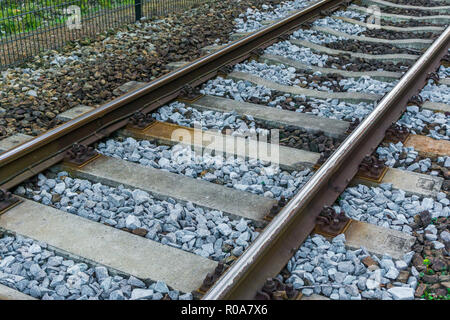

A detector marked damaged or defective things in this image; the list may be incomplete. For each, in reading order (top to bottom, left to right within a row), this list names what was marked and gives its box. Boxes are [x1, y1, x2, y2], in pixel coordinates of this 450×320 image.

rusty steel rail [0, 0, 348, 190]
rusty steel rail [204, 27, 450, 300]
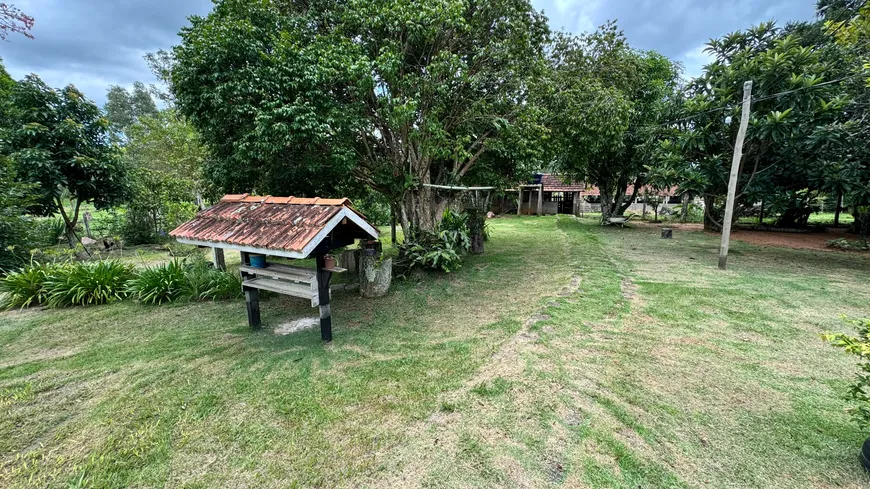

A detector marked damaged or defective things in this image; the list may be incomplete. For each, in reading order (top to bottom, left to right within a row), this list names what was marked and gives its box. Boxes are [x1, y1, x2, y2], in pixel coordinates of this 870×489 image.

rusty metal roof [169, 193, 380, 258]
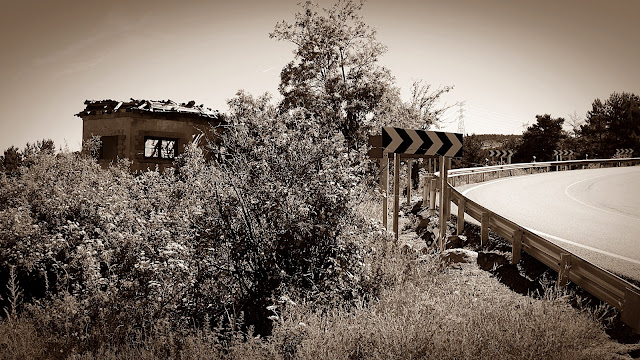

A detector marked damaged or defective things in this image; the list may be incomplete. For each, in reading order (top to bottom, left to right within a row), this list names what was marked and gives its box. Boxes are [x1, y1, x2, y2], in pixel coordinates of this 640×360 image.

broken structure [76, 98, 222, 172]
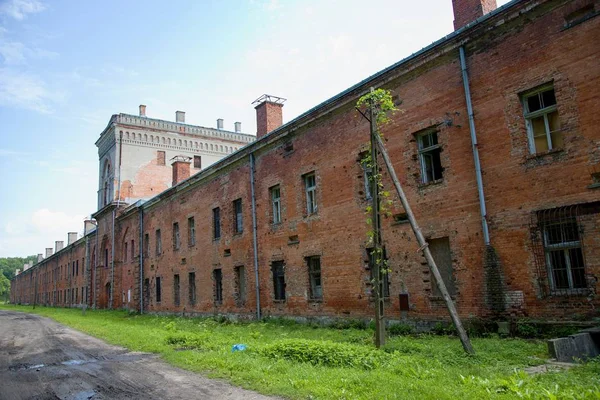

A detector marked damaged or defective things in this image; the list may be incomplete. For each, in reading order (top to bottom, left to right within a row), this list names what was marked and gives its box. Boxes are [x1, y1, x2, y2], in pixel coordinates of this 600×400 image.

broken window [524, 84, 560, 153]
broken window [420, 130, 442, 184]
broken window [368, 248, 392, 298]
broken window [428, 238, 458, 296]
broken window [544, 219, 584, 290]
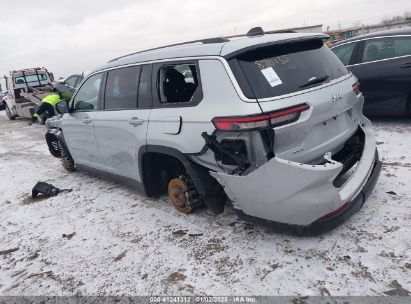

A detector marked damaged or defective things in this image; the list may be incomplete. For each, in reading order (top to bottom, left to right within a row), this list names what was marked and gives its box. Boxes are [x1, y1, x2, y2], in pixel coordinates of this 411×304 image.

damaged silver suv [45, 27, 384, 234]
broken tail light [214, 103, 310, 131]
crumpled rear bumper [212, 117, 384, 234]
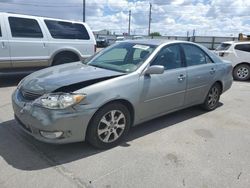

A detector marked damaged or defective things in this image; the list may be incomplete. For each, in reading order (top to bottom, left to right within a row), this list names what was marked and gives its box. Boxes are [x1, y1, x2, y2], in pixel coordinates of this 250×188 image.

damaged front bumper [11, 89, 96, 145]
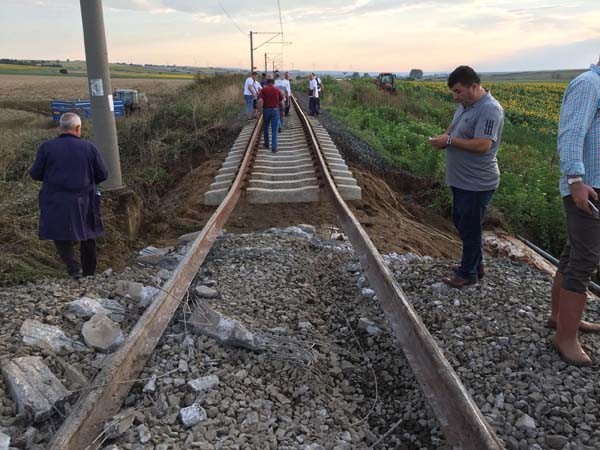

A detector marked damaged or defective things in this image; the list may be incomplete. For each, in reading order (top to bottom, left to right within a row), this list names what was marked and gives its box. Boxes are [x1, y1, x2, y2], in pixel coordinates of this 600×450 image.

broken concrete [1, 356, 70, 424]
broken concrete [81, 312, 123, 352]
rusty railroad track [48, 96, 506, 448]
damaged railway bed [1, 98, 600, 450]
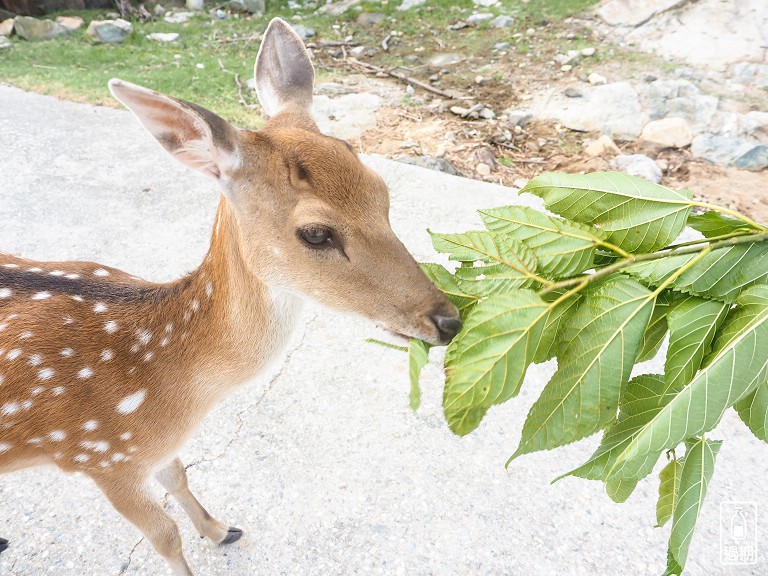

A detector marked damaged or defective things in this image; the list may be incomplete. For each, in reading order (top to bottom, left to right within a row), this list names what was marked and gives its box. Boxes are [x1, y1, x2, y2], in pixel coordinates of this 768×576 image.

crack in concrete [184, 312, 320, 470]
crack in concrete [117, 536, 144, 576]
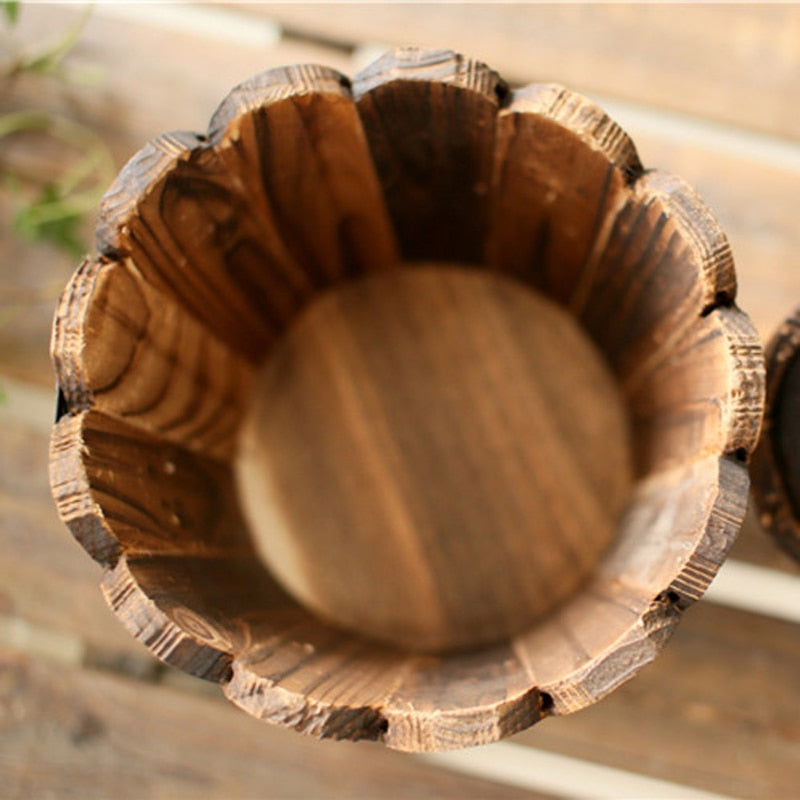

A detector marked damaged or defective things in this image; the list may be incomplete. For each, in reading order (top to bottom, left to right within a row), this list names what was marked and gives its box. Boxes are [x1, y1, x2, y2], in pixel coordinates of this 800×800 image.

burnt wood texture [48, 48, 764, 752]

■ ■ ■

PROBLEM TO SOLVE – Only the text of the material belongs in your copy, which must match the original exactly.

REPLY TO THE EXERCISE –
A detector marked damaged or defective things in this image; the list may be incomplete. For each, in reading order (top to bottom, left to right within a row), this list names what was marked and gives its box. Boxes are [x1, y1, x2, y2], in pixel coordinates of this 450×320 image.

rusty steel rail [0, 0, 348, 190]
rusty steel rail [204, 27, 450, 300]

A detector marked damaged or defective things in this image; the list may be incomplete. For each, in reading order (top to bottom, left to right within a row), this list names what was marked and gives its box. Boxes are [x1, y1, x2, y2], in pixel coordinates of this 870×489 image.

rusty metal roof [169, 193, 380, 258]

A detector marked damaged or defective things in this image; the list may be incomplete. For each, in reading order (top to bottom, left to right within a row), this list names what was marked and gives its box. Boxes are [x1, y1, x2, y2], in pixel coordinates of this 640×360 image.

broken structure [76, 98, 222, 172]

A detector marked damaged or defective things in this image; the list may be incomplete. For each, in reading order (top to bottom, left to right within a row), this list names what was marked and gives its box. Boxes are [x1, y1, x2, y2], in pixel coordinates of this 600×400 image.

broken window [524, 84, 560, 153]
broken window [420, 130, 442, 184]
broken window [368, 248, 392, 298]
broken window [428, 238, 458, 296]
broken window [544, 219, 584, 290]

A detector marked damaged or defective things in this image; the list may be incomplete. For each, in reading order (top to bottom, left to right within a row), this list names what was marked and gives its box. Boxes are [x1, y1, x2, y2], in pixel coordinates of this 411×304 image.

damaged silver suv [45, 27, 384, 234]
broken tail light [214, 103, 310, 131]
crumpled rear bumper [212, 117, 384, 234]

A detector marked damaged or defective things in this image; the list may be incomplete. For each, in reading order (top to bottom, left to right within a row), this list names what was marked and gives its box. Boxes are [x1, y1, x2, y2], in pixel coordinates of this 250×188 image.

damaged front bumper [11, 89, 96, 145]

A detector marked damaged or defective things in this image; the list may be incomplete. For each, in reading order (top to bottom, left to right within a row), this list names what was marked and gives its box. Boxes are [x1, y1, x2, y2], in pixel coordinates of this 600×450 image.

broken concrete [1, 356, 70, 424]
broken concrete [81, 312, 123, 352]
rusty railroad track [48, 96, 506, 448]
damaged railway bed [1, 98, 600, 450]

A detector marked damaged or defective things in this image; the list may be incomplete. For each, in reading order (top to bottom, left to right within a row), this list names what was marked and gives its box. Boxes are [x1, y1, x2, y2], in pixel coordinates of this 768×576 image.

crack in concrete [184, 312, 320, 470]
crack in concrete [117, 536, 144, 576]

A detector marked damaged or defective things in this image; the list may be incomplete. For each, in reading order (top to bottom, left to right within a row), this list names what was marked and gives its box. Boxes are [x1, y1, x2, y2], in pixel coordinates of this 800×800 image.

burnt wood texture [48, 48, 764, 752]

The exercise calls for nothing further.